Task material Start Marker

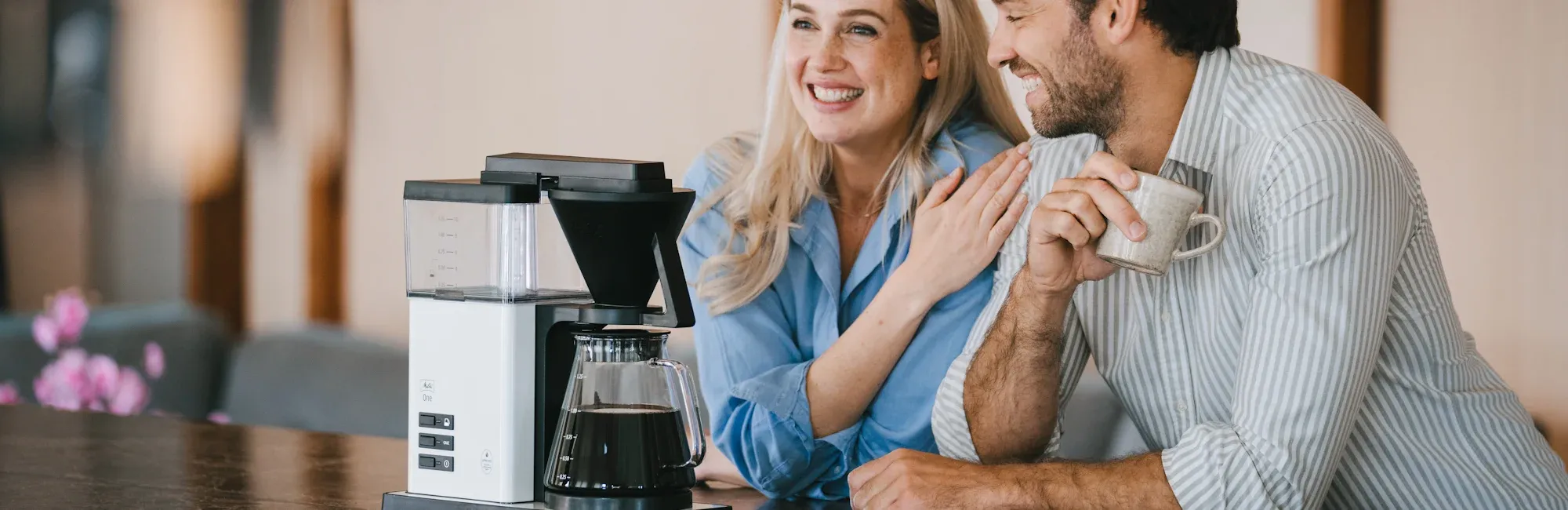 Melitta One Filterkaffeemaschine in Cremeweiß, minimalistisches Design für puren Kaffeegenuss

Task material End Marker
Task material Start Marker

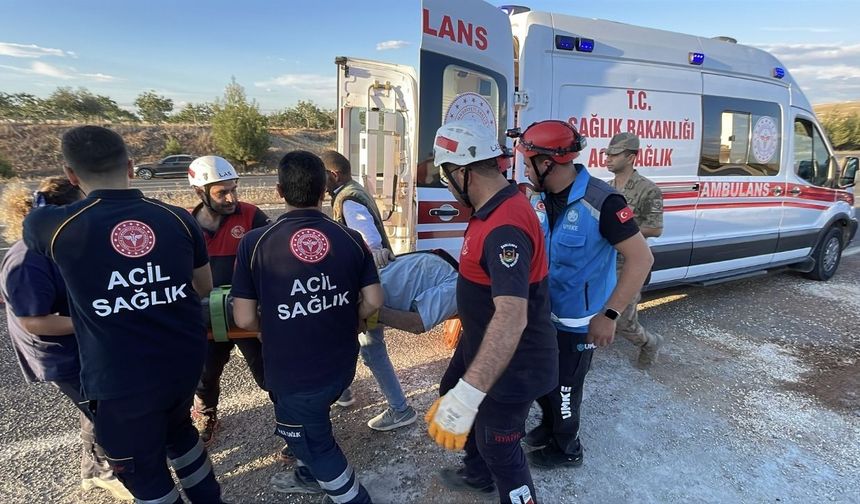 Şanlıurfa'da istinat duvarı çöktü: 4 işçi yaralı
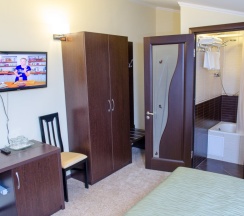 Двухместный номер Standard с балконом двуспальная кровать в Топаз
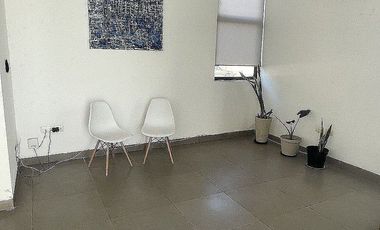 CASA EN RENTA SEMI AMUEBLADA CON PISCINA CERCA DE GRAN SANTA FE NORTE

Task material End Marker

Goal of the exercise >> Lines wanted from the entries above: the one with "Şanlıurfa'da istinat duvarı", the one with "CASA EN RENTA", and all lines between. Please copy them exactly, without the pictures and without anything else.

Answer box >>
 Şanlıurfa'da istinat duvarı çöktü: 4 işçi yaralı
 Двухместный номер Standard с балконом двуспальная кровать в Топаз
 CASA EN RENTA SEMI AMUEBLADA CON PISCINA CERCA DE GRAN SANTA FE NORTE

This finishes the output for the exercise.